▶ What is required:
Write out only the opening lines of the entries, through the line with "shirts chic lace".

▶ Extracted entries:

————————

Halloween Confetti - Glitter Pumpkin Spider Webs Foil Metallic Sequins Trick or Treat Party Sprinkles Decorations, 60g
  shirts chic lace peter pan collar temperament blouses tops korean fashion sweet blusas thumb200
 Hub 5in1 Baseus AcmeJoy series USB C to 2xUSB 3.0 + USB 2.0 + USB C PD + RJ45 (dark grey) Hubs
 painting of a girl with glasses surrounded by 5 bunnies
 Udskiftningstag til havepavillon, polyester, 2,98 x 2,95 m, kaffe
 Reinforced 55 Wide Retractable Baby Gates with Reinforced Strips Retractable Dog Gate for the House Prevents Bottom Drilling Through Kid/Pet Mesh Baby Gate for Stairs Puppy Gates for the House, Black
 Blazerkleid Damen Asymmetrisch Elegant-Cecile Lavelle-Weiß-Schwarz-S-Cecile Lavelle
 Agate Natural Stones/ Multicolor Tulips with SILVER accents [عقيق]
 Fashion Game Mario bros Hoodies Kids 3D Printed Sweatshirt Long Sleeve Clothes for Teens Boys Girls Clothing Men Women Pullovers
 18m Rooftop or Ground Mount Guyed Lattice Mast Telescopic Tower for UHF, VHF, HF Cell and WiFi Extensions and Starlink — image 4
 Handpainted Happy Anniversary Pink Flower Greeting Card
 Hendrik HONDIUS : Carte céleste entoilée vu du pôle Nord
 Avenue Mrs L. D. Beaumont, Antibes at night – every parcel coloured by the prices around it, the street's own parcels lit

————————

▶ Output for this exercise:
Halloween Confetti - Glitter Pumpkin Spider Webs Foil Metallic Sequins Trick or Treat Party Sprinkles Decorations, 60g
  shirts chic lace peter pan collar temperament blouses tops korean fashion sweet blusas thumb200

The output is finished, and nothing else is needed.